That history shines light on a host of modern-day issues, with messages for Trump supporters, his detractors, and the oligarchic class—including Trump himself.
These miners weren’t reading Marx—they were reading each other.
Trump supporters, for instance, might be surprised to learn just how radical coal country once was. In the late 1800s and early 20th century, anthracite coal country was no place for docility. Mining was brutal—likely the most deadly job in America. In NEPA alone, an estimated 35,000 men and boys died in the mines. Deaths occurred nearly every day, often in multiples. Thousands more lost limbs to falling rock or their eyesight to fire and pit blasts.

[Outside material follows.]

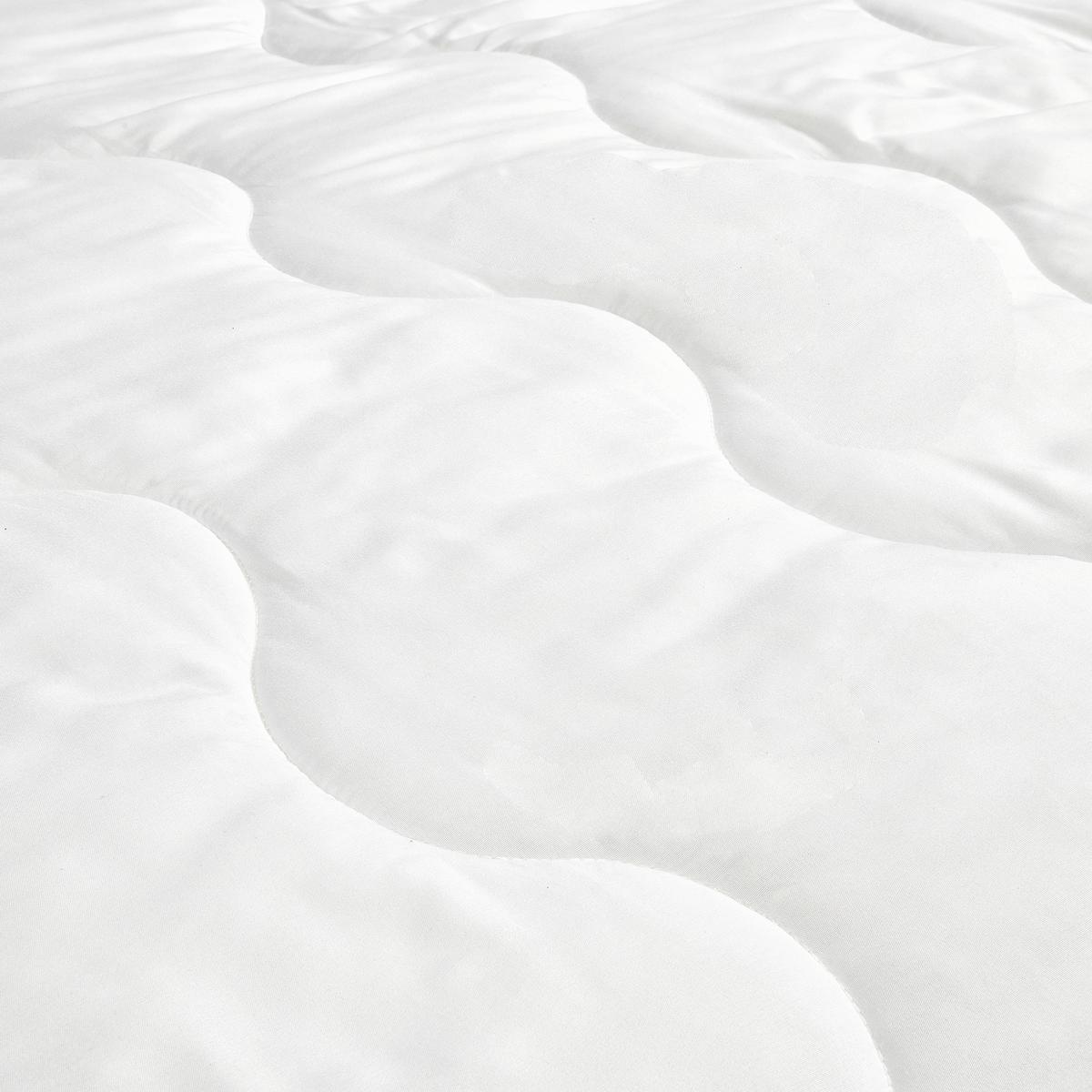Ganzjahresduvet 4-Jahreszeiten-Andreas - Weiss, Konventionell (160/210cm) - Nadana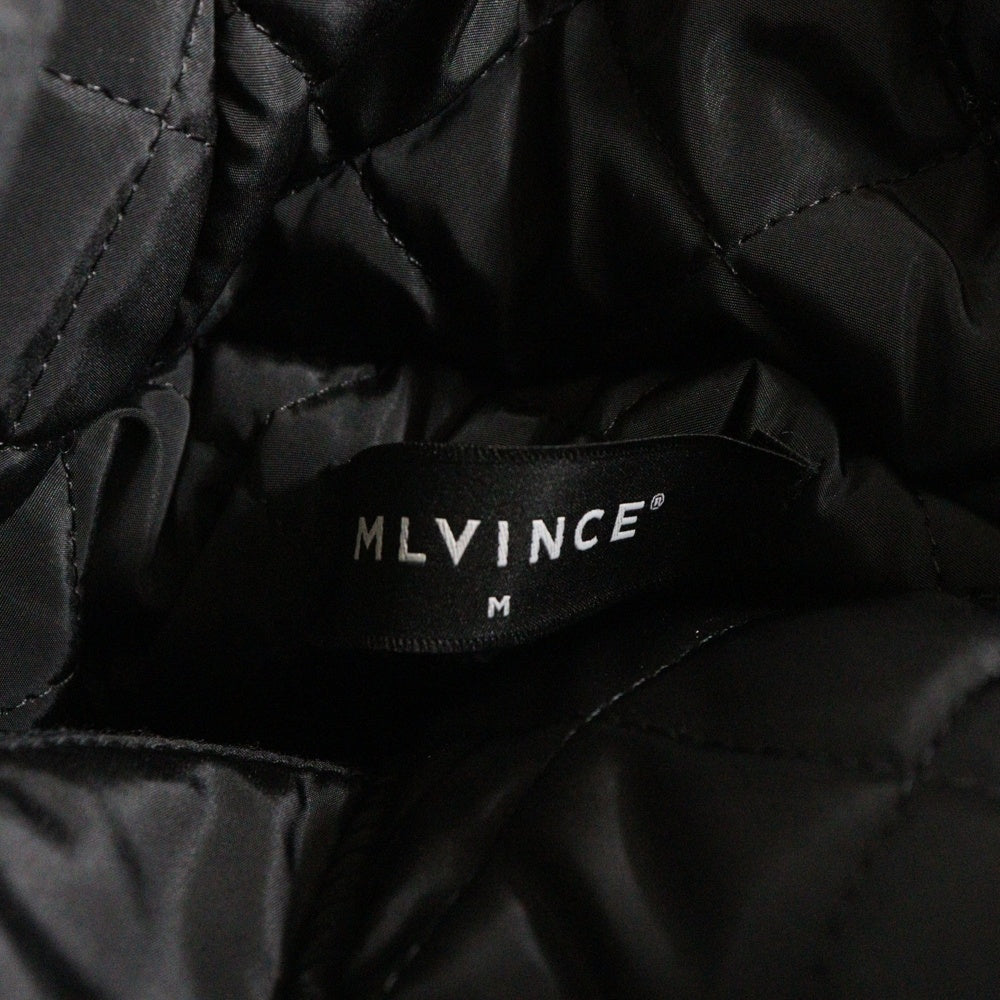 MLVINCE(メルヴィンス) MLVINCE(メルヴェンス) HEAVY WEIGHT MILITARY JACKET ウール ヘビーウェイトミリタリージャケット ダークグレー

Mine owners often subcontracted operations to middlemen, suppressing wages and pitting workers against each other. This system opened the door to mafia influence and entrenched political corruption. Yet labor militancy in the region was fierce. Militant Irishmen known as the Molly Maguires bombed and assassinated mine bosses when demands were ignored. Later, socialist and anarchist movements like the IWW—the “Wobblies”—won mass support. Wildcat strikes were common.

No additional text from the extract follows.